The headset role of HSP is disabled, because otherwise PulseAudio and oFono would conflict as both would try to listen for new connections from audio gateway devices.
BLUETOOTH SCO AUDIO DEVICE PLUS
If oFono is running, the audio gateway role of HSP is enabled plus both HFP roles. In the default configuration, if oFono isn't running, only HSP is enabled. PulseAudio supports both HSP roles, and with oFono also both HFP roles. With PulseAudio versions older than 12.0 the audio can get badly out of sync when watching videos, however. When PulseAudio acts in the sink role, a source is created where applications can record from.Ī2DP works generally without a hassle. When PulseAudio acts in the source role, a sink is created where applications can play to.
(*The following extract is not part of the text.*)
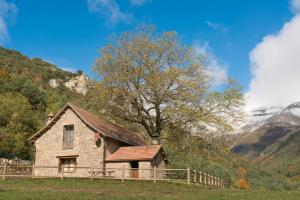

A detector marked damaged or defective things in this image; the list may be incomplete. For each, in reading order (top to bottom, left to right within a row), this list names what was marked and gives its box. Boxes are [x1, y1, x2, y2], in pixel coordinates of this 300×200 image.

rusty metal roof [28, 103, 146, 145]
rusty metal roof [105, 145, 166, 162]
PulseAudio supports A2DP in both source and sink roles.
BLUETOOTH SCO AUDIO DEVICE BLUETOOTH
A bluetooth device shows up in PulseAudio as a card, and the card will have some set of profiles depending on what bluetooth profiles the device supports, but the "bluetooth profile" "card profile" mapping is not one-to-one. Try not to confuse these with the "card profile" concept in PulseAudio. The bluetooth standard specifies three audio profiles. PulseAudio depends on BlueZ for all Bluetooth functionality, and additionally oFono is required for HFP support. HSP problem: the bluetooth sink and source are created, but no audio is being transmitted.

HSP problem: audio is silent or skipping.History of bluetooth features in PulseAudio.Using bluetooth when running PulseAudio in the system mode.